My own data (photos, documents, accounts, digitized paper), represents memories, hard work and lots of time spent organizing and entering information into the computer. As a result, I have a ZFS SAN that holds all of my information in a 20TB raid-z2 array ("raid6"). This snapshots hourly, and I keep a schedule of snapshots (hourly, daily, monthly). I also replicate this SAN to my mother in law's place where I have another identical ZFS based NAS, snapshotting in exactly the same way. This remote NAS also periodically dumps to tape (LTO4). Comprehensive and expensive, I know, however I would HATE to loose any of that data, or have to spend time re-creating it.

Fundamentally, backup should prevent the need to re-create data, and allow for recovery in the event of a disaster. You need to determine what this means in your particular situation. Again, always assume that your hardware (disks, controllers, boards) WILL eventually fail.
 
A single hard drive is not however. It is expected that > 1% of your hard drives will fail each year. At work (where I usually have 200 to 400 drives spinning 24/7/365) over the last 15 years we have a 1% to 7% annual failure rate on drives. And these are not just 5+ year old drives a number of failures were from drives that were less than 2 years old.
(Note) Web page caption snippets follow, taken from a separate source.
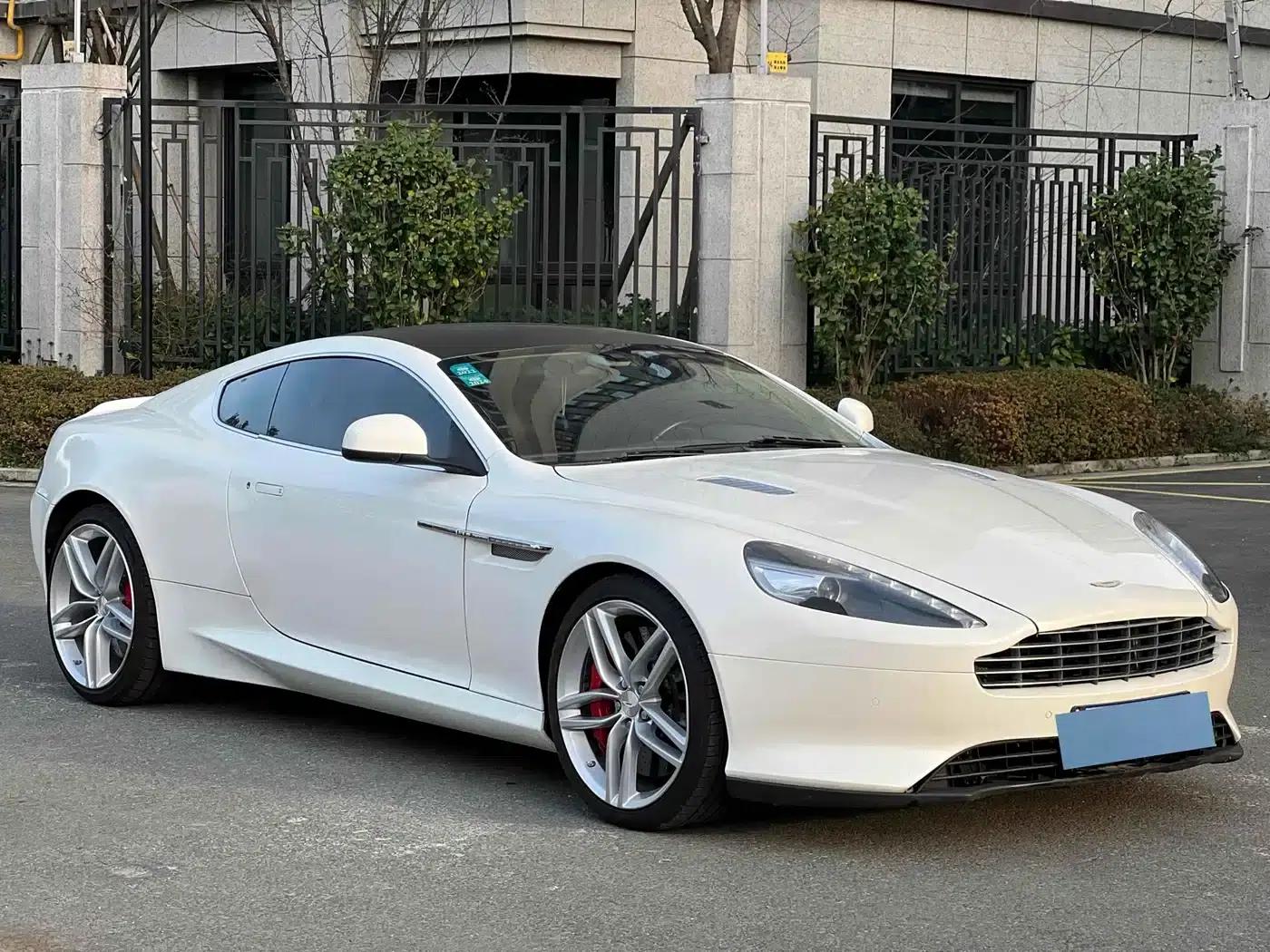 Aston Martin DB9 2013 6.0L Coupe — миниатюра 3
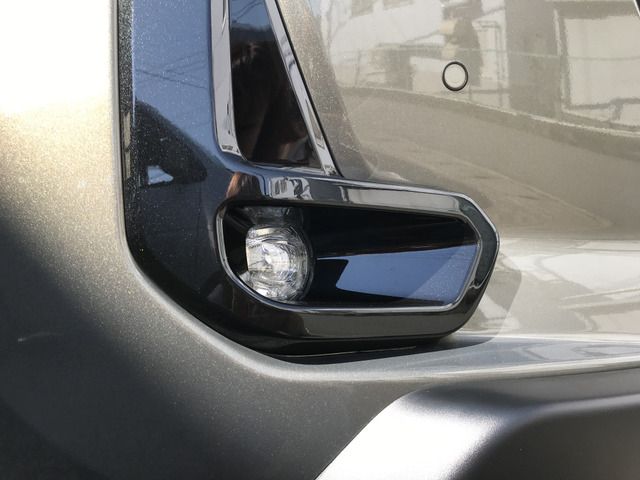 Toyota HILUX 2021-06 20507-8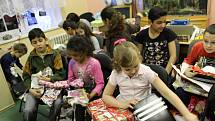 Díky štědrým čtenářům Berounského deníku měly děti v azylovém domě krásné Vánoce.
Do ya'll track these failures? Would be interesting to see that data.
 
I do amateur video work for my kids and their friends. And I'm paranoid...

My working PC has Raid for data integrity/single drive failures.
- Large data raid-6 for performance a simple data protection (8x 2TB Hitachi, raid6, Areca controller)
- System disk is 4xSSD raid 0 for performance.
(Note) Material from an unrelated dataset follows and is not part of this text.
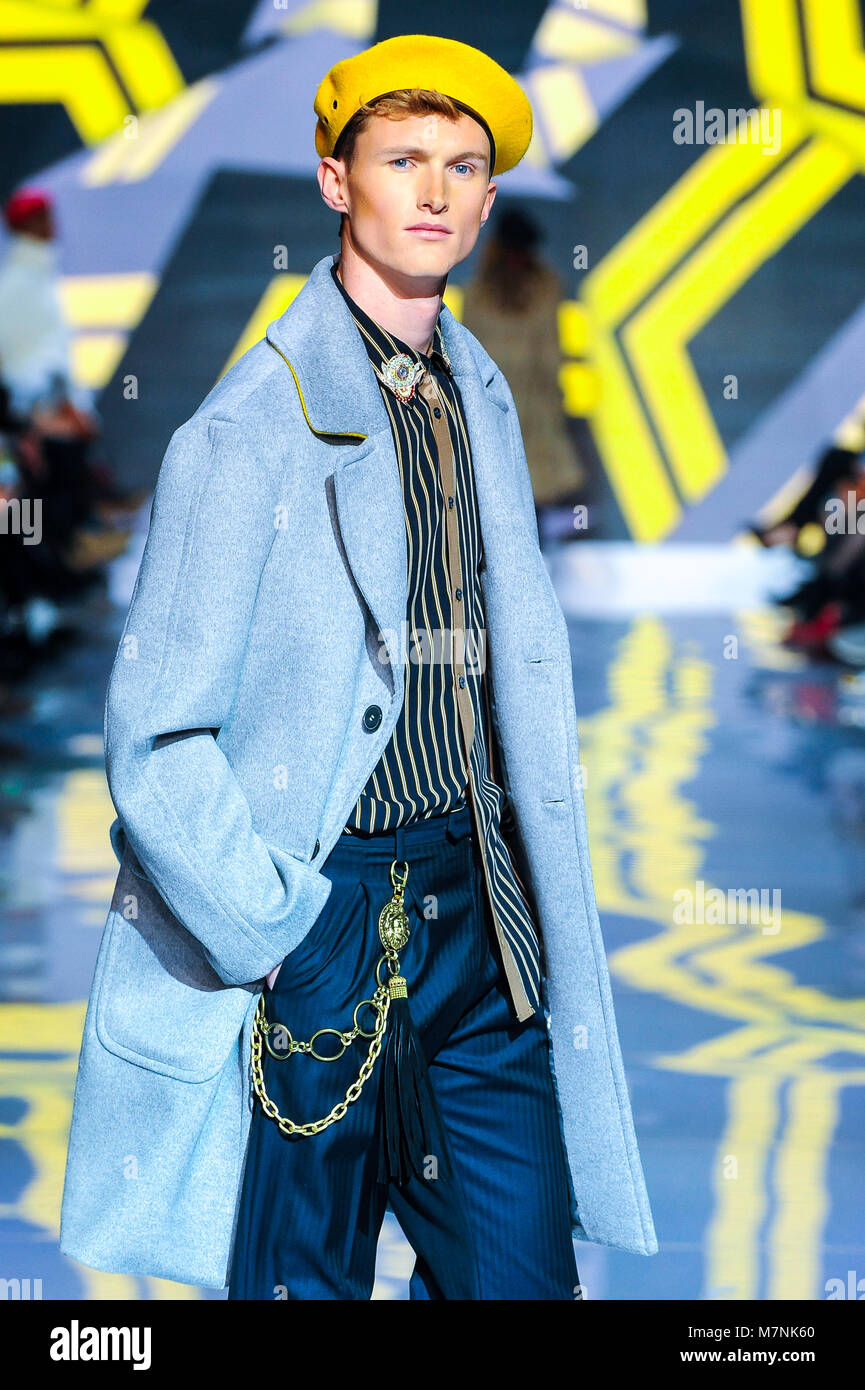 Canadá. 11 Mar, 2018. Los nuevos modelos representan moda Otoño/Invierno 2018 ZIN MAYER colección hombre durante la presentación pista en Toronto Men's Fashion Week 2018 (del 9 al
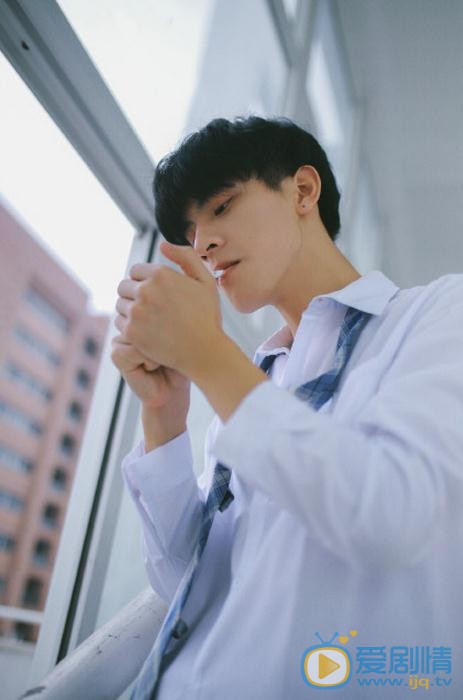 泮家豪制服写真 泮家豪高清写真_泮家豪高清剧照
System disk is ghost-imaged daily to a local, bootable copy on a 500Gb hard drive, fully automated by Norton. I completely expect the raid-0 to fail.
System disk ghost image is made weekly to separate WHS. Just in case I screw something up and need to go backwards. I usually keep the last 6-months or so plus selected older snapshots.

Data array gets "sync" backup daily to WHS server, automated at 3am. I happen to use Goodsync for this but there are litereally dozens of sync products on the marketplace.
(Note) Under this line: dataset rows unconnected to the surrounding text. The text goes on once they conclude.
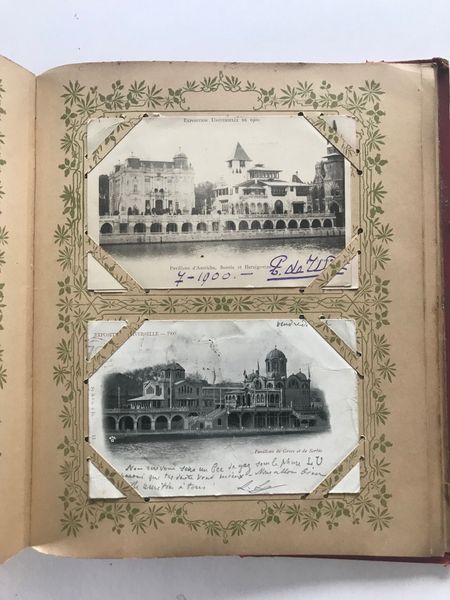 Product image Album cartes postales Paris 1900.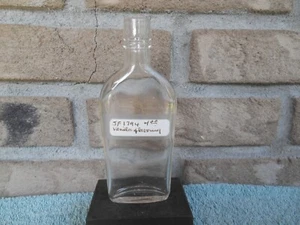 Vintage VANILLA EXTRACT Collectible Bottle 5-1/2" TALL - Picture 1 of 8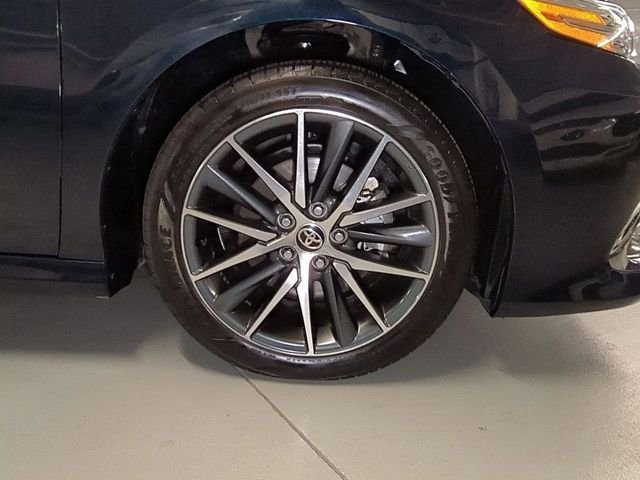 Used 2021 Midnight Black Metallic Toyota XLE image 9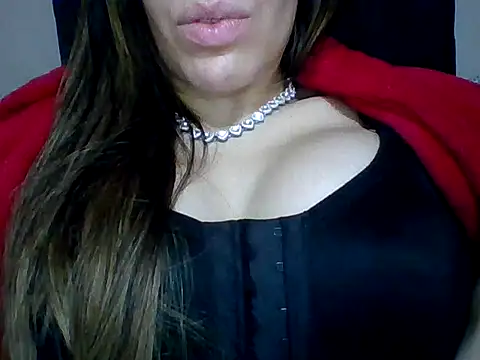Yasleal online show from April 2026 02:48:01 AM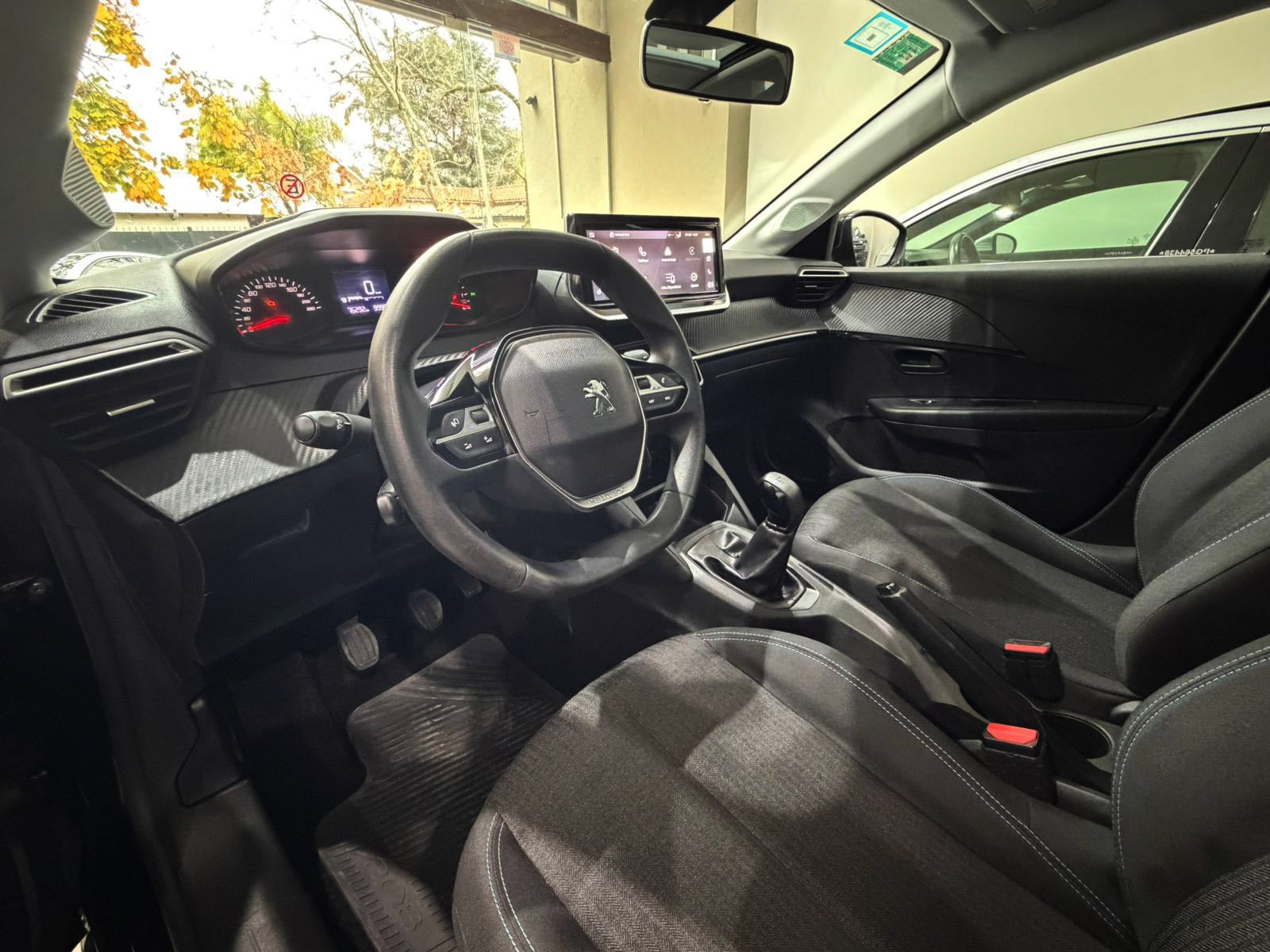 
 Peugeot 208 Active Pack 2023 MT 76000 km full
Monthly, the same Sync program is used to copy all "new" video files on the WHS to a hard drive. I define "new" as <62 days old. Drive is taken to a storage shed away from home. I'm generating less than 500Gb/Month right now and 500Gb drives are dirt cheap.

Every 3 or 4 months, I copy what I consider "high value" files, mostly my wife's digital photo's, onto a Blu-Ray and store them at the storage unit. I use Blu-Ray because - unlike DVD - the recordable disks do not contain any organic materiel and are considered "archival" quality. Theoretical readable life is 50-100 years (vs 4-5 years for DVD+/-R).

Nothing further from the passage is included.